The original DMN paper introduced a model that contains four modules: an input module which is used to encode the input information into a set of vectors, a question module that encodes the question, an episodic memory module that computes memory for each time step, and an answer module which generates a one word answer. Xiong et al. propose three improvements. The most important and effective improvement in the paper is adding an input fusion layer to the input module, which allows the fact vectors to incorporate information of past and future facts. The second improvement is changing the attention mechanism in the episodic memory module to help capture the ordering information of the fact vectors. This change proposes the creative idea of using gradient recurring units to capture attention information, and is shown to improve performance.The third improvement is changing the update function of the episodic memory to allow different weight updates in each pass.

Another contribution of this paper is the proposal to modify the input module to take an image as input for the question answering task. It passes the input image to a CNN and treats the output as a 14 by 14 feature map, and then orders the features in a snake-like traversing manner and uses them as an ordered set of input facts.

Although visual question answering has been studied in the past, the small size of the dataset limits the possibility of tackling the problem with neural networks, and the release of VQA dataset in 2015 clears this block. The use of an attention net fits well in this context, and one example is the work that Yang et al. did in 2015[2]. Compared to Yang et al.’s work, the DMN+ paper uses an input fusion layer that captures adjacent information, and in the experiment this change is shown to improve performance by a lot in the DAQUAR[3] dataset. The intuition behind this is that the interaction and relationship between adjacent image patches contains helpful information for answering the question. Neural memory models has also been used in several other papers, including the original DMN. Both this paper and the original DMN paper are using neural memory models in the input, attention and computing memory in order to capture temporal, and local information.

The model analysis in the experiment section gives a good breakdown of the link between improvement in performance and each of the changes proposed. Each improvement is unit tested to prove the theory, and this shows good experiment design. The experiments compare the result with other approaches for both the VQA task and Text QA task, and compares accuracy on several different types of question.

While the paper is able to adapt the input module to image inputs, there is room for improvement or further exploration. One possible thing to try is to cross-validate across a variant of dimensions for the the output of the CNN. Another point for improvement is the way that the input fusion layer traverse the image during the ordering of local patches. Instead of traversing in a snake like fashion, it would be worthwhile to experiment something like a z-order curve. For instance, if patch B is located below patch A, then if traversed with a z-order curve, patch B would be closer to patch A in the ordering, and it might help to capture the information between nearby patches

It is also unclear what is the correlation between the number of passes when doing the memory update and the final accuracy. It might be valuable to experiment and discuss on how the number of passes would affect testing accuracy.

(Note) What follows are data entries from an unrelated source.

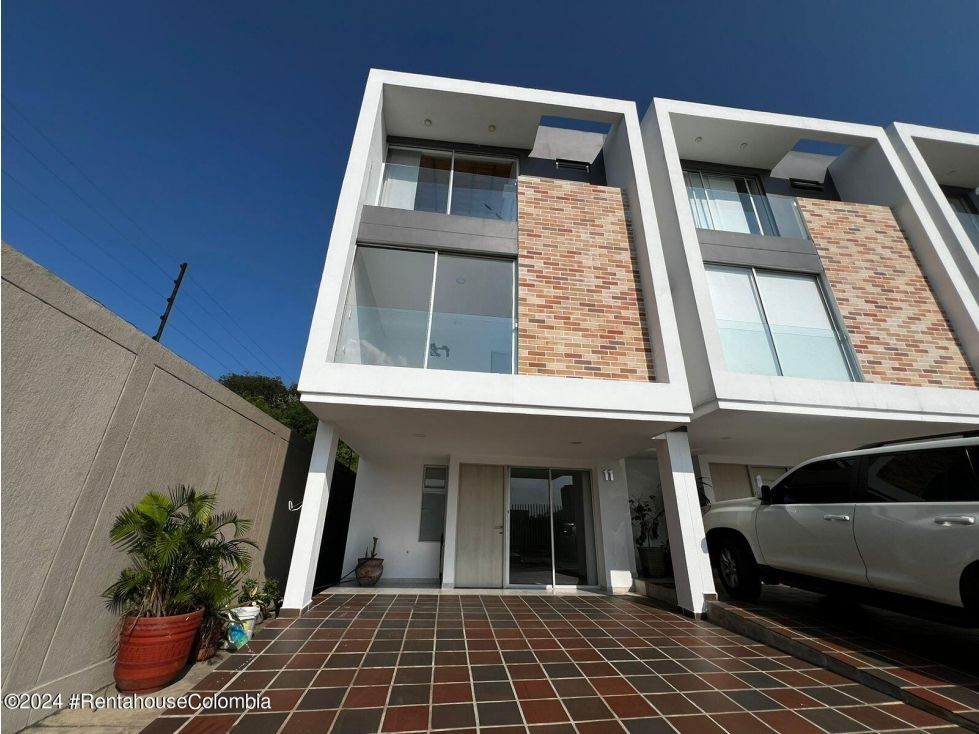 Casa en venta Norte De Santander Los Patios Los Patios 127 m2 Habitaciones 3 Baños 4 Garajes 2 Precio $500000000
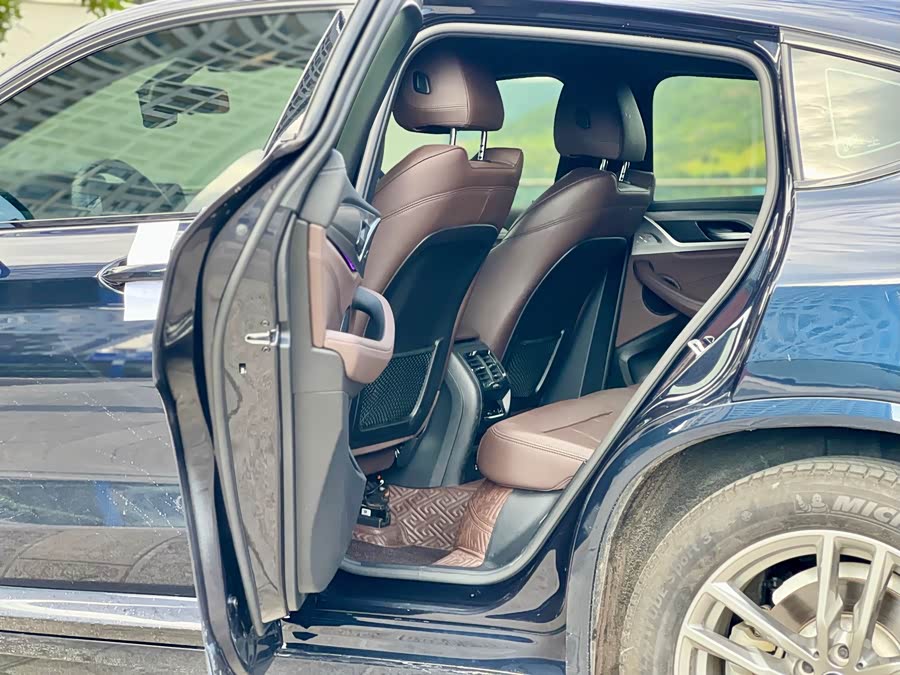 BMW X4 2020 car image #7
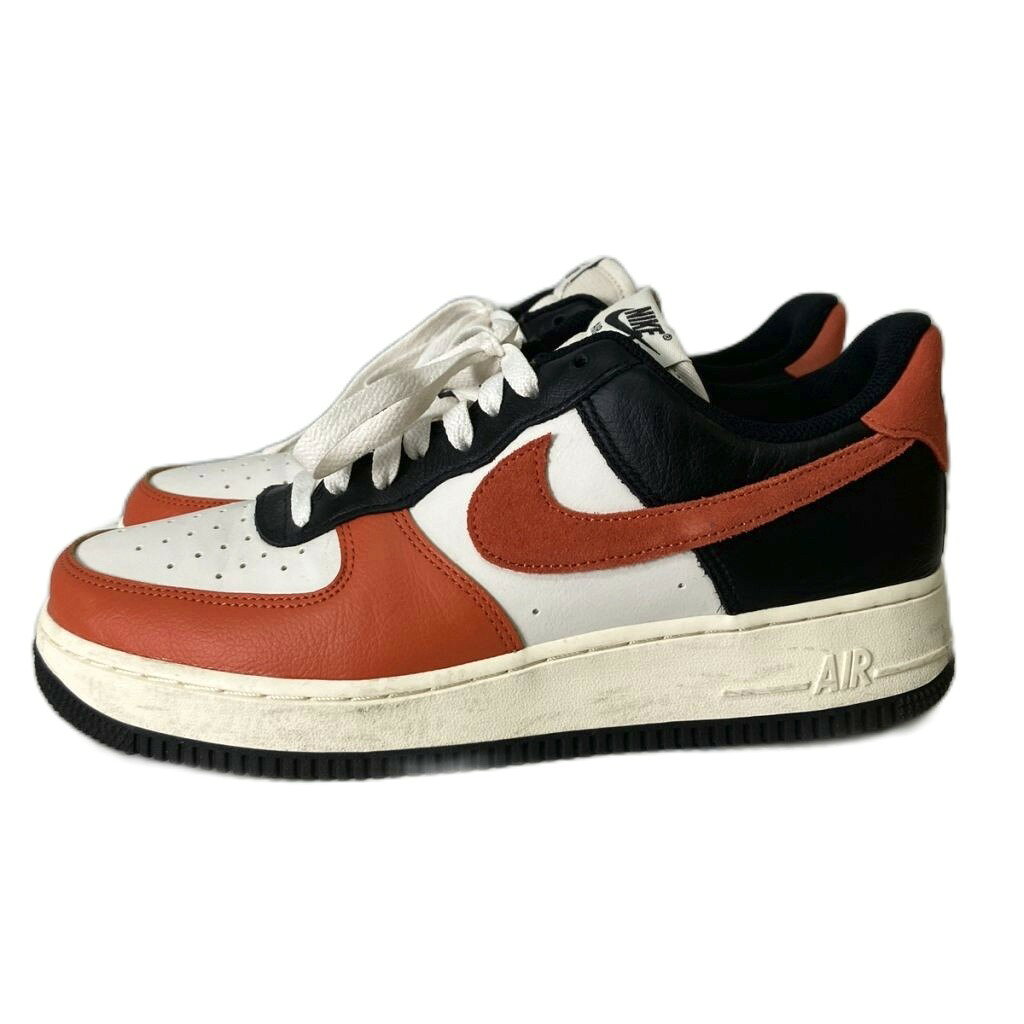ナイキ NIKE Air Force 1 Low '07 LV8 スニーカー シューズ 27cm オレンジ HQ4987-010 メンズ 260512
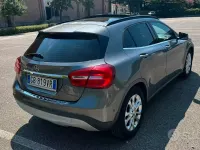 Usata Mercedes GLA200 136 CV (100 kW) 2016 Grigio SUV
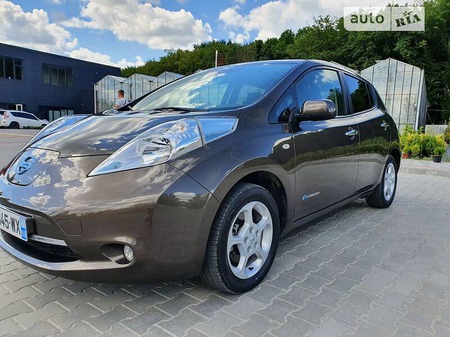 Nissan Leaf 2016  випуску Тернопіль з двигуном 0 л електро хэтчбек автомат за 16999 долл. 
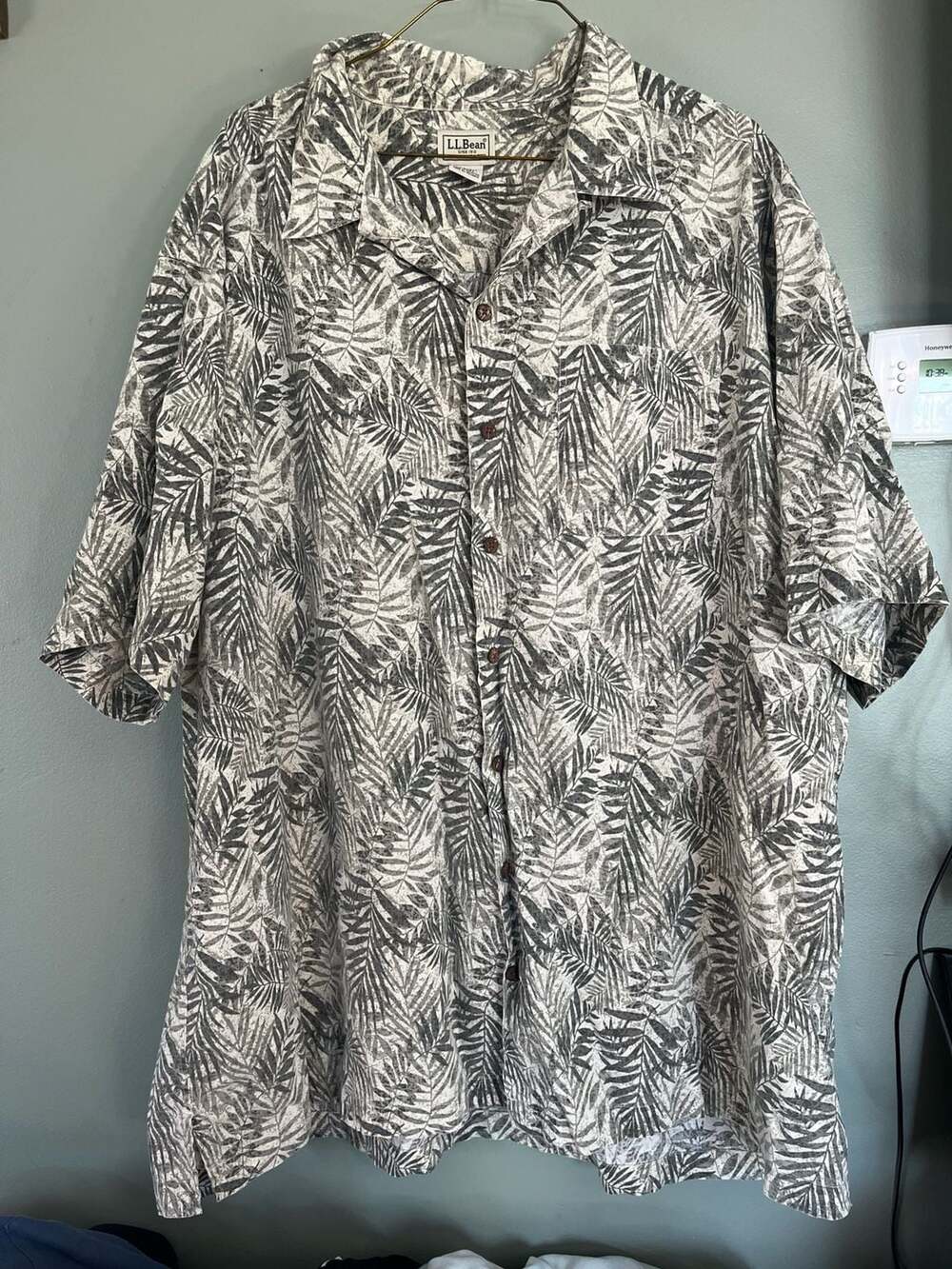 LL Bean Mens XL Tropics Short Sleeve Hawaiian Leaves Button Down Shirt - Israel,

In conclusion, this paper presents a valuable improvement to DMN, and achieves state of the art performance. Some future work would be trying the model on multiple word open-ended question answering, and modifying it to solve harder visual question answering tasks involving temporal information like video question answering.

[1] Kumar, A., Irsoy, O., Ondruska, P., Iyyer, M., Bradbury, J., Gulrajani, I., and Socher, R. Ask Me Anything: Dynamic Memory Networks for Natural Language Processing. arXiv preprint arXiv:1506.07285, 2015.

[2] Yang, Z., He, X., Gao, J., Deng, L., and Smola, A. Stacked attention networks for image question answering. arXiv preprint arXiv:1511.02274, 2015.

[3] Malinowski, M. and Fritz, M. A Multi-World Approach to Question Answering about Real-World Scenes based on Uncertain Input. In NIPS, 2014.